This is for the girls that need to be with their boyfriend every minute. This is for the girls that move in with their boyfriend less than 2 months of dating. This is for the girls that don’t let their boyfriend have his "guy time" and I mean alone, not with you.
I'm tired of watching from the sidelines and seeing girls smother their boyfriends every day. I understand you guys like each other and want to spend every waking moment with them, but you don’t need to smother them.
The first year in a new relationship is called the honeymoon stage. Everything is going great and then you think that moving in with each other would be a great idea. You don't truly know someone until after 2 years of dating someone, so why move in with each other when it has only been less than 6 months of meeting this guy? And while you're paying all of your attention to your boyfriend, you forget about your friends and family.
Here’s a little secret tip about men for you- Just like how you need your friends, they need their alone time also. While you are paying all of your attention to your boyfriend, you forget about your friends and family. I know lots of girls that think guys don’t need their guy time but that's the key to having a good relationship. Giving them their space does more good for your relationship than piling on the love. Yes, they might play their video games every night with each other and you hang out with his friends, but guys need time away from their girlfriends where they can act like boys and not get judged for acting stupid. Hanging out with you and his friends is not the same as having their alone time.
Also while you are with each other every day, there won't be room for him to miss you. Guys are wired differently and within that space that you give them, they will start to appreciate you more and start to miss you more. He will actually mean it when he says “I miss you too” after not seeing each other for a weekend.
Yes, some of you are ready for the next step into the future and want to get married, but like I said, the first year of any relationship is the honeymoon phase and you guys are still getting to know each other.
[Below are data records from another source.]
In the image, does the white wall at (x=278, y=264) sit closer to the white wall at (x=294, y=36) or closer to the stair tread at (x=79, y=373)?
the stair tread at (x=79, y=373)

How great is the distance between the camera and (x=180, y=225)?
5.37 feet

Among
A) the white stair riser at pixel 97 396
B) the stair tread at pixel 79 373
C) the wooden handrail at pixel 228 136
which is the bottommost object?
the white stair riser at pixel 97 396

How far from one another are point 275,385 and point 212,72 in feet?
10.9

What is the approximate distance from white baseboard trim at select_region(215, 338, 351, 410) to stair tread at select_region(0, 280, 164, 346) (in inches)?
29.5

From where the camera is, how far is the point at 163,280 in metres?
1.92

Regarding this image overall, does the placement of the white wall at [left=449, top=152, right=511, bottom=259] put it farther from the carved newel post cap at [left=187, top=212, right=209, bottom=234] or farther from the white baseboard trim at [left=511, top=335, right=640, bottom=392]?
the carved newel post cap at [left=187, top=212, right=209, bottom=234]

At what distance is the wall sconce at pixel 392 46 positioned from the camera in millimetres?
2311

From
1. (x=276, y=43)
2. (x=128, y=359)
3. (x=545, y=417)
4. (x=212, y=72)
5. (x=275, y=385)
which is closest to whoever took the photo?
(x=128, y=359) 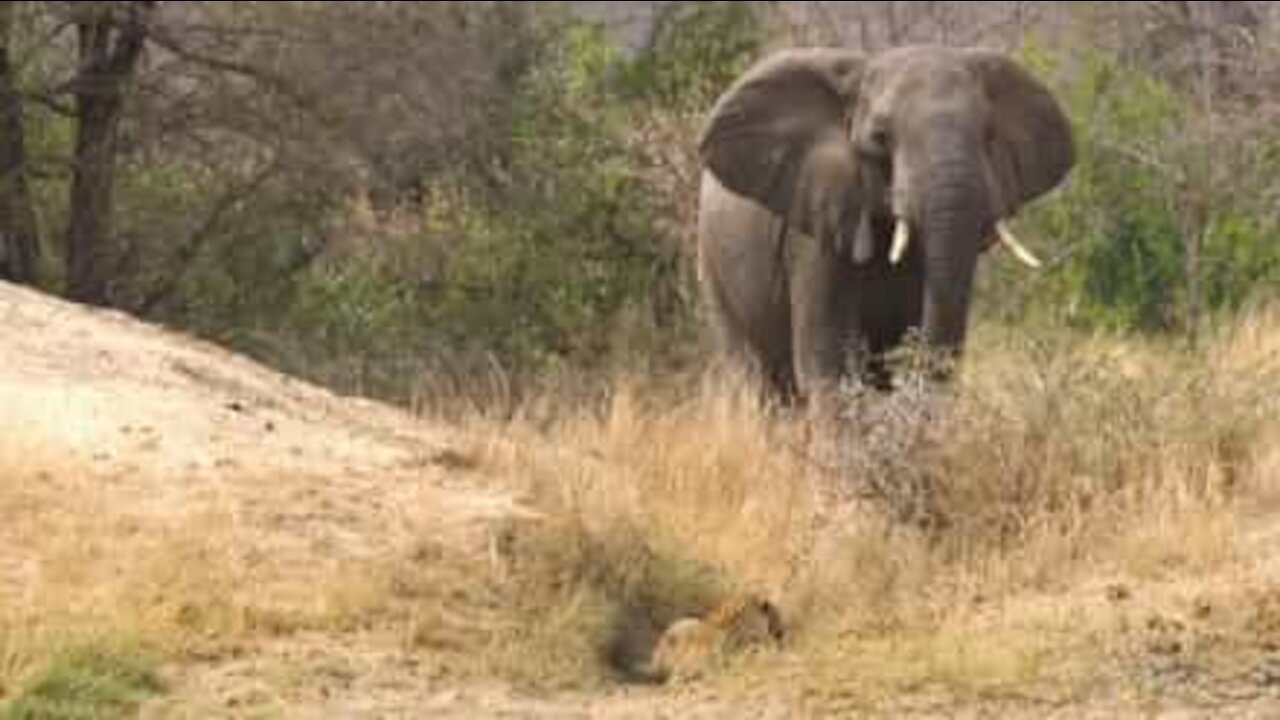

That's never a good time to move in together. I see so many relationships fail and end fast because of that reason. That won't make for a healthy relationship because guys don’t like getting smothered. When you give him space, he starts to think of the last time you guys hung out and he will start to see how much you trust him than actually telling him you do. That's when he will start to see a future with you. Do I hear wedding bells?
The best part of giving your guy his alone time is he will be less of a grump at home. In my book, that's a win-win situation.